After tumbling to as low as .7173 in European trade, the Australian dollar managed to find its footing in the second half of overnight trade, closing Thursday’s session flat at .7225.
Continuing the familiar theme of late, particularly on days devoid of major economic data releases, the recovery was underpinned by a surge in the crude oil price in the second half of US trade.
At one point front-month US WTI futures were trading down more than 3% at US$46.73 a barrel before recovering to close the session with a gain of 0.17%.
Interestingly, the recovery in the Aussie came despite a slump in the iron ore price and further hawkish remarks from another leading US Federal Reserve official.
The spot iron ore price tumbled by close to 6%, closing at the lowest level seen since March 15 this year.
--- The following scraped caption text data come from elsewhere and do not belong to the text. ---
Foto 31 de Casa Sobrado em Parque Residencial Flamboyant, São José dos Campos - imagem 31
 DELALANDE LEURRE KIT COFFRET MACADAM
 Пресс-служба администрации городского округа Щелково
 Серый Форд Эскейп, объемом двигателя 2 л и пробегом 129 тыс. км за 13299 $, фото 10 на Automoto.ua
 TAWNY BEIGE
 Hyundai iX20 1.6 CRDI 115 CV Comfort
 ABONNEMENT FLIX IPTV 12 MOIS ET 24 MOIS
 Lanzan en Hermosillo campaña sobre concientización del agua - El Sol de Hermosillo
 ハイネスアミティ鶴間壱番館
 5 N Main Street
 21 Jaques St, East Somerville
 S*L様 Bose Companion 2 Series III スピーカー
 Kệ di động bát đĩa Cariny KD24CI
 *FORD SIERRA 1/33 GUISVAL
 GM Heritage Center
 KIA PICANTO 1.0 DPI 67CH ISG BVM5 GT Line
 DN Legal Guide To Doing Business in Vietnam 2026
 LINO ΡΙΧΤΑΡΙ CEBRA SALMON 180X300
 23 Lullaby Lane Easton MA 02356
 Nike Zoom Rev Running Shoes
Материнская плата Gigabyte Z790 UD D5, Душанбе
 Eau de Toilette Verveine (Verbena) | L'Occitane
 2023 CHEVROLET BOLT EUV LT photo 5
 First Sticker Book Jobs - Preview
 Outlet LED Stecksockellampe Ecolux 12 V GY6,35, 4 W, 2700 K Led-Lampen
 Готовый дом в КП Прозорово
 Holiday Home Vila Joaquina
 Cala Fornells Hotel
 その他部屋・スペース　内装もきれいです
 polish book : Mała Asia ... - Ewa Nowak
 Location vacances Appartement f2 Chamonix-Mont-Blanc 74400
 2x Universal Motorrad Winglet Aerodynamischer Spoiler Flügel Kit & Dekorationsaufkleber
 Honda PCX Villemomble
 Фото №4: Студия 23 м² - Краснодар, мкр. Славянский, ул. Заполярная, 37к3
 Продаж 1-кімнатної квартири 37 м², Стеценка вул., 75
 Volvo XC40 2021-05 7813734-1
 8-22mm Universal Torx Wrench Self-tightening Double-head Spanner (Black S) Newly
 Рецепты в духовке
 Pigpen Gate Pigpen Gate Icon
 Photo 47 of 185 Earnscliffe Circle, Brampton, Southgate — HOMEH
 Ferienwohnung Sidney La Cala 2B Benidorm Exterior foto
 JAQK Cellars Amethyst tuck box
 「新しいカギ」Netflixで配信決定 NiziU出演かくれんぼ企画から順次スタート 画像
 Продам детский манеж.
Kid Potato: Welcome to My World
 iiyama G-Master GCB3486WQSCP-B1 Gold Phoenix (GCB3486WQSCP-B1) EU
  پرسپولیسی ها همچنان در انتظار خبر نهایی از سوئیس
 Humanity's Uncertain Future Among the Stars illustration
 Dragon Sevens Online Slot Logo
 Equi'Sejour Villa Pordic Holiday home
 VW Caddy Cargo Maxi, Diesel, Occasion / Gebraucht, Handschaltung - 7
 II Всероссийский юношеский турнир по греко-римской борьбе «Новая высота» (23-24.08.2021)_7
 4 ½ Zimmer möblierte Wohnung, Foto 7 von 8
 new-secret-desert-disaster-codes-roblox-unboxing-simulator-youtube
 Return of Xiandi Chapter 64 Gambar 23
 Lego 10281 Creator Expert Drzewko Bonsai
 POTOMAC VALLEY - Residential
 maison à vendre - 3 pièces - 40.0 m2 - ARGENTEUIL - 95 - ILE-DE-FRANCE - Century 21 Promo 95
Markets also ignored hawkish commentary from Bill Dudley, the New York Fed president who is also a FOMC voting member.
“USD showed little reaction to New York Fed President William Dudley’s comments that June is ‘definitely a live meeting’ and a June-July hike is ‘reasonable’ if the economy meets his outlook,” said Richard Grace, CBA chief currency strategist in his morning note.
“Dudley also stated he is ‘growing more confident’ inflation will get back up to 2% per annum, with the labour market ‘showing signs of wage pressures’ and with core inflation having remained stable despite the USD strength and lower energy prices,” added Grace.
As at 7.45am AEST, the AUD/USD currently buys .7220, largely unchanged for the session.
Looking ahead to Friday’s session in Asia, there are next to no market moving releases scheduled.
This suggests that movements in crude prices, along with USD/JPY and USD/CNH, will likely be influential on the Australian dollar.